YOUR ASSIGNMENT:
The result should be the line with "カスタムカットビニール製シール製品ラベル水色 シール (シート)" followed by every remaining line of the entries, each reproduced exactly, with nothing else.

MATERIAL SUPPLIED:
--- START ---

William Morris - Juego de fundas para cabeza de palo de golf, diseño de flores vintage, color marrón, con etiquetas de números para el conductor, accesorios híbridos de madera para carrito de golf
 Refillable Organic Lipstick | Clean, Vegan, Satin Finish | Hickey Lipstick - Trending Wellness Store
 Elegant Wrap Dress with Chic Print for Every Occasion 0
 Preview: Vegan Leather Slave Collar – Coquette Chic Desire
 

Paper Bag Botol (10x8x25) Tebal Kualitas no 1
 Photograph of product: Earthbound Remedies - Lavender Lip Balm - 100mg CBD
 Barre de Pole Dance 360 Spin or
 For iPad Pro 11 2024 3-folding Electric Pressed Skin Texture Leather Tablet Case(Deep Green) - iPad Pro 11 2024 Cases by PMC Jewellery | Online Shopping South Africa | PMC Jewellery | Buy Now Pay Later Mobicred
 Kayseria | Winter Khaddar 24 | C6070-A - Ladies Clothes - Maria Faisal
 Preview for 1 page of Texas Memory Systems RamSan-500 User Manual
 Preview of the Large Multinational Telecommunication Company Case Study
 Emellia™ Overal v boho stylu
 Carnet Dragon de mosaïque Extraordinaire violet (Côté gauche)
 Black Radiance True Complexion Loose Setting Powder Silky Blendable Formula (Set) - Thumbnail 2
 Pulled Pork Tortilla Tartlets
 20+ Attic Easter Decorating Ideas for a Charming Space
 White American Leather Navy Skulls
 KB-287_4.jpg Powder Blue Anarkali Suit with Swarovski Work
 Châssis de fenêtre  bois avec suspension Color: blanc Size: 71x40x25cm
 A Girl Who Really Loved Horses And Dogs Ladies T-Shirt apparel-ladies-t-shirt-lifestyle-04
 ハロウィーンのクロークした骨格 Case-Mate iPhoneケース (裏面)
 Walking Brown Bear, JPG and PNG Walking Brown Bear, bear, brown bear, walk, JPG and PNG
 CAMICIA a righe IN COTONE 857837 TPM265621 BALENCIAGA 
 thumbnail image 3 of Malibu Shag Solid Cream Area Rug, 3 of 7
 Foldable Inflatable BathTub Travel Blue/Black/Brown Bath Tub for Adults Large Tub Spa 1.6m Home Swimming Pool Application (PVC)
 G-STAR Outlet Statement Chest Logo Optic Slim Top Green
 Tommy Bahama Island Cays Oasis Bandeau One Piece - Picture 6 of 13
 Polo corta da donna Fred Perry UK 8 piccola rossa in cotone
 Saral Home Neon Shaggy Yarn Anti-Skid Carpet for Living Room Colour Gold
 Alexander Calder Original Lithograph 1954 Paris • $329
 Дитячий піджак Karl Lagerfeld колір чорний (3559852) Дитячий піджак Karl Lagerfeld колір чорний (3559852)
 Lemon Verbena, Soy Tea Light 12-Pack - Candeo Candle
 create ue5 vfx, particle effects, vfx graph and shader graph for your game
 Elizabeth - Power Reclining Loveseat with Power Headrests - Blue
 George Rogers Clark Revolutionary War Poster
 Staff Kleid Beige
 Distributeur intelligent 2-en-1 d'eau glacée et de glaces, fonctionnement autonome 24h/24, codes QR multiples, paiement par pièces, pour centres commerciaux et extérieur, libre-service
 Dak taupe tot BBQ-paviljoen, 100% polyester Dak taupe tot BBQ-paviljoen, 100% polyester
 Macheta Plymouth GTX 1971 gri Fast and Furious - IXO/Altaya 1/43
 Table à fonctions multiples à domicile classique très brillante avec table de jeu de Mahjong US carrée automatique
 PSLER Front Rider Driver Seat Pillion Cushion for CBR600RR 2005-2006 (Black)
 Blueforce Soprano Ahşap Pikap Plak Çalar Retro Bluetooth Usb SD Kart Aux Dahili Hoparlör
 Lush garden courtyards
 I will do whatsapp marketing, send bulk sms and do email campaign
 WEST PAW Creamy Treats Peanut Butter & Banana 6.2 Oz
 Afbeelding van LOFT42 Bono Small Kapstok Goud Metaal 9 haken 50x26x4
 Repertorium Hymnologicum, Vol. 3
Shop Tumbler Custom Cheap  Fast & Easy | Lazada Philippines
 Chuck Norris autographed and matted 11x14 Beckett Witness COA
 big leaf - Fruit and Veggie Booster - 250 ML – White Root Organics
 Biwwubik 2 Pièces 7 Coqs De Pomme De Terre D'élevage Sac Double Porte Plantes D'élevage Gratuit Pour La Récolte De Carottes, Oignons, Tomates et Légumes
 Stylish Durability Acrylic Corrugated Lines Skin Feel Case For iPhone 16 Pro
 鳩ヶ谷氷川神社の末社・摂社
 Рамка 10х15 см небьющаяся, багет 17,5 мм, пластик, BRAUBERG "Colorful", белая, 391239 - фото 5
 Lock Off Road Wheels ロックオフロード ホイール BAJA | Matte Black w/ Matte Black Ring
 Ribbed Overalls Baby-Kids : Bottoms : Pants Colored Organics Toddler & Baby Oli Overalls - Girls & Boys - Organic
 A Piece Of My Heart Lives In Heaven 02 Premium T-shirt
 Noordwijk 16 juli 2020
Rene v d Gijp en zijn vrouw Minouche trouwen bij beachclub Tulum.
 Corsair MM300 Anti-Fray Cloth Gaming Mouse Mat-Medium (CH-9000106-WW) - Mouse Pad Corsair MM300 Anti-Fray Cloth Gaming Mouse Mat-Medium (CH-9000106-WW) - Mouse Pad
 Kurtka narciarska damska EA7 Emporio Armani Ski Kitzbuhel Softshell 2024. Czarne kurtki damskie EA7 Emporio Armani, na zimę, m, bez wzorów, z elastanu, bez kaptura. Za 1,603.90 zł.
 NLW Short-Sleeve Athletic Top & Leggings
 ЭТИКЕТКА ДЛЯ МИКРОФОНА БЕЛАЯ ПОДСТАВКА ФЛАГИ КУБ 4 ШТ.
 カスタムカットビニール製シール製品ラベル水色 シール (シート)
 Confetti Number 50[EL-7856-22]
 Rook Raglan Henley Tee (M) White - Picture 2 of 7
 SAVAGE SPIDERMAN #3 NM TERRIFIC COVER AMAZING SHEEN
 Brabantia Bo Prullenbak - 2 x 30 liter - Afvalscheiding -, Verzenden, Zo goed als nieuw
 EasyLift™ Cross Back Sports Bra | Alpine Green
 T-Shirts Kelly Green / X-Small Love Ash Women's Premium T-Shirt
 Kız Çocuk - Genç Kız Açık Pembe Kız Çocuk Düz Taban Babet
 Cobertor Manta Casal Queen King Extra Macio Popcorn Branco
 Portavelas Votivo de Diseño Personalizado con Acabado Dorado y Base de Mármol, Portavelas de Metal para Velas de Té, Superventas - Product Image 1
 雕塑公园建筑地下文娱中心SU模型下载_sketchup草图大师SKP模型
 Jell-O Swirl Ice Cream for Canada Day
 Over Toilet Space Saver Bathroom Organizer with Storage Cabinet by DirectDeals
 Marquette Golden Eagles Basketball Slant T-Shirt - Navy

--- END ---

ANSWER TO THE EXERCISE:
 カスタムカットビニール製シール製品ラベル水色 シール (シート)
 Confetti Number 50[EL-7856-22]
 Rook Raglan Henley Tee (M) White - Picture 2 of 7
 SAVAGE SPIDERMAN #3 NM TERRIFIC COVER AMAZING SHEEN
 Brabantia Bo Prullenbak - 2 x 30 liter - Afvalscheiding -, Verzenden, Zo goed als nieuw
 EasyLift™ Cross Back Sports Bra | Alpine Green
 T-Shirts Kelly Green / X-Small Love Ash Women's Premium T-Shirt
 Kız Çocuk - Genç Kız Açık Pembe Kız Çocuk Düz Taban Babet
 Cobertor Manta Casal Queen King Extra Macio Popcorn Branco
 Portavelas Votivo de Diseño Personalizado con Acabado Dorado y Base de Mármol, Portavelas de Metal para Velas de Té, Superventas - Product Image 1
 雕塑公园建筑地下文娱中心SU模型下载_sketchup草图大师SKP模型
 Jell-O Swirl Ice Cream for Canada Day
 Over Toilet Space Saver Bathroom Organizer with Storage Cabinet by DirectDeals
 Marquette Golden Eagles Basketball Slant T-Shirt - Navy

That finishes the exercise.